Your assignment: Print only the lines below from the one with "This is called" to the one with "Welcome everyone. Today", both included, exactly as they stand. Leave pictures out.

Provided records:
·····

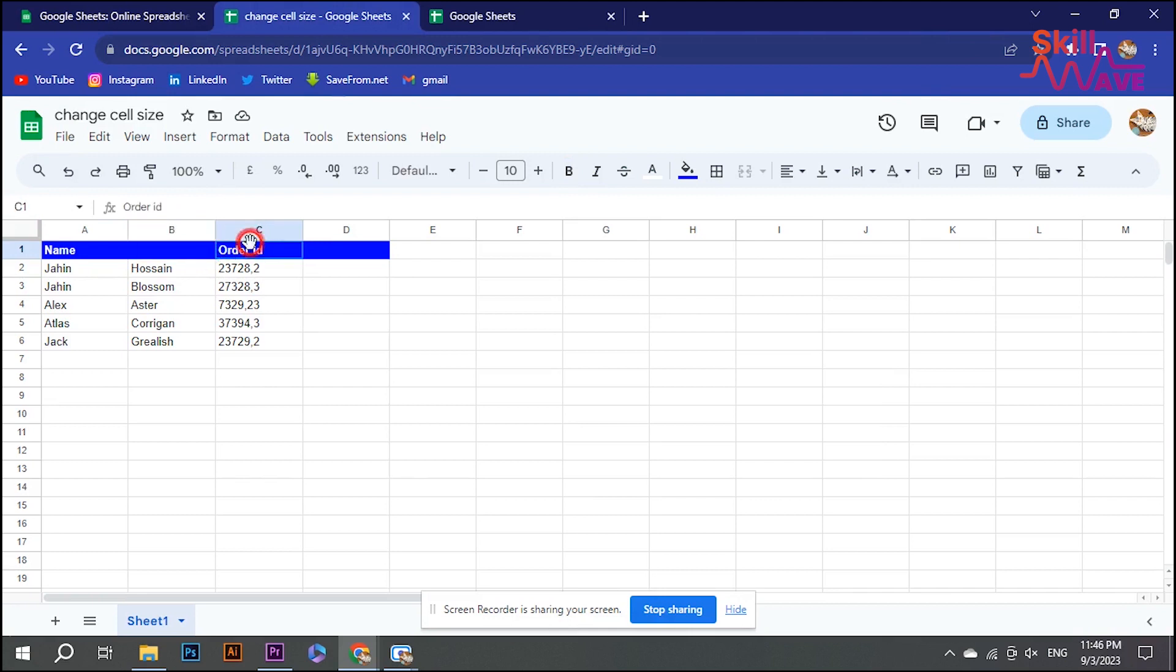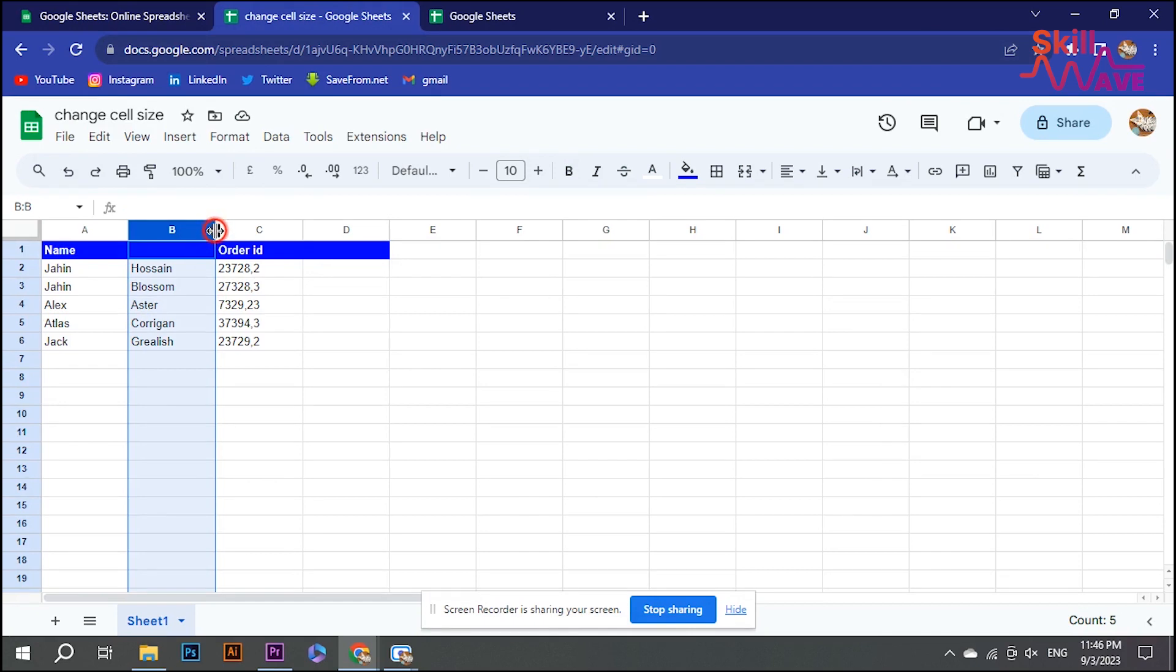Now, click on the cell you want to resize. Hover your cursor over the edge of the selected cell. Your cursor will change to a double-sided arrow.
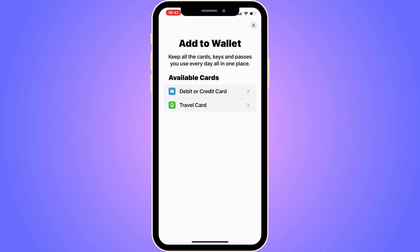You get the option to click on Debit or Credit Card, and you can also click on Travel Card. For this tutorial we are going to click on Travel Card, because the Presto card is a contactless smart card used for public transit systems in the province of Ontario, Canada.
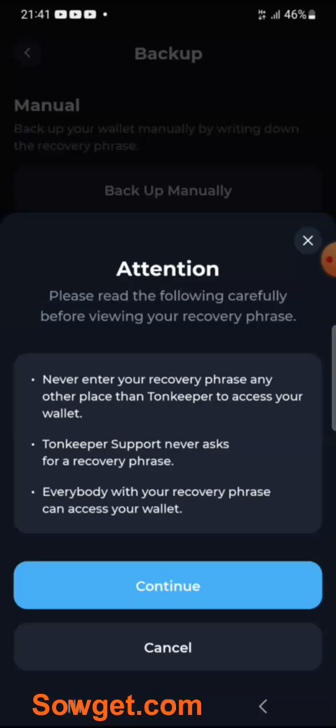Write it down somewhere safe and no other person must have access to where you save this recovery information. The major thing about it is, in case you lose your phone or your device, with your recovery phrase you can always restore your wallet and the funds inside on any other device that you may install the TON Keeper app. Once you've done all this, just click on the Continue button.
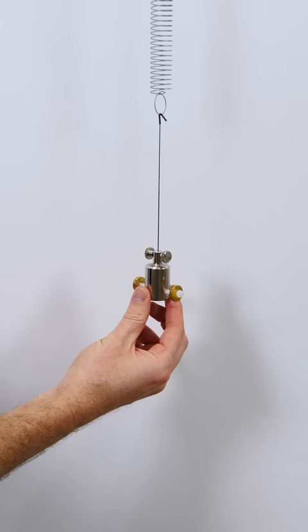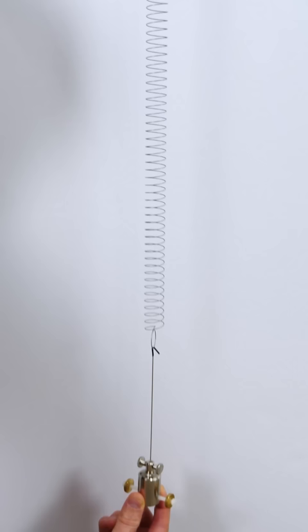This is called the Wilberforce pendulum. You can tune the linear motion of the spring to match the frequency of rotation, and if you do it just right,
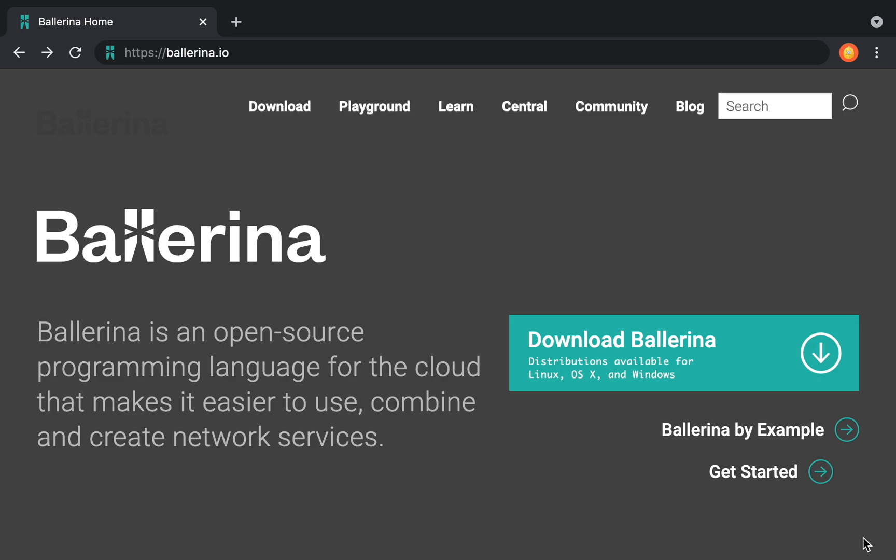Welcome everyone. Today I'm going to show you how to create an HTTP service and consume one using the Ballerina programming language. Ballerina is designed to write programs with network interactions, so we should feel right at home.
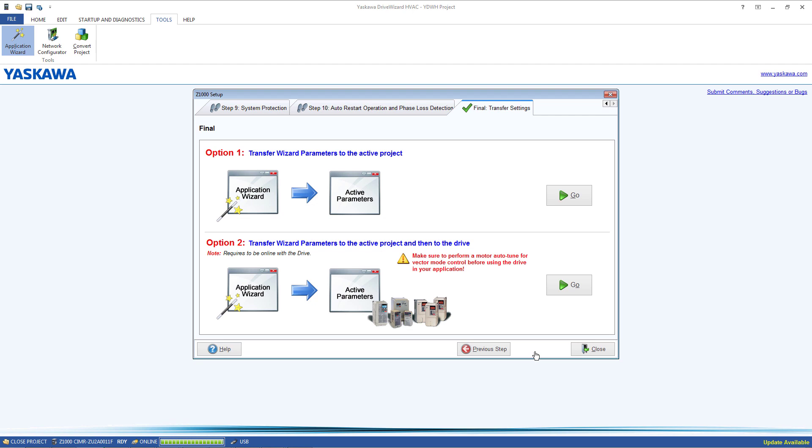Once you reach the end of the Wizard, there is an option to save the parameters to the active project only or to write them to the connected drive as well as save them to the project.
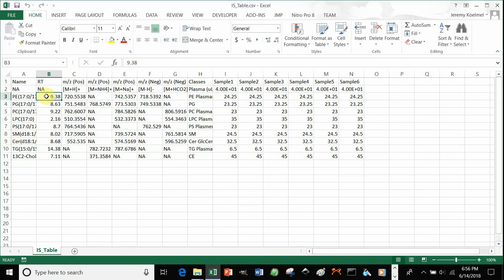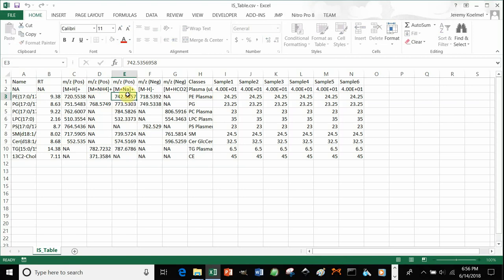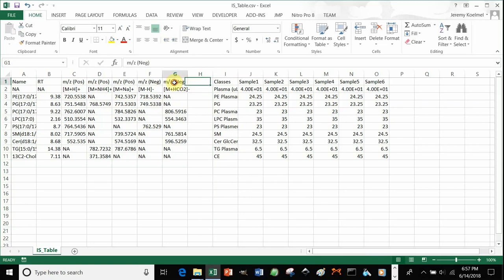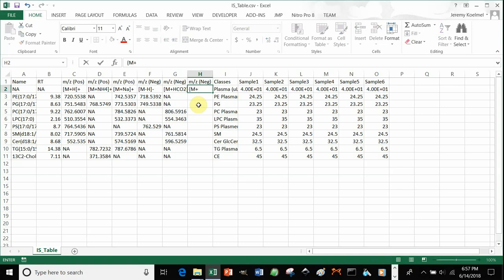Your feature table should have picked out the internal standards. You'll also have a column for each of the adducts that you would expect based on your chromatography and mass spectrometry method. You can insert additional columns here — for example, if you had a formate column and now you also had an acetate column, you could add your acetate column here.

·····

Response box:
This is called the Wilberforce pendulum. You can tune the linear motion of the spring to match the frequency of rotation, and if you do it just right,
Welcome everyone. Today I'm going to show you how to create an HTTP service and consume one using the Ballerina programming language. Ballerina is designed to write programs with network interactions, so we should feel right at home.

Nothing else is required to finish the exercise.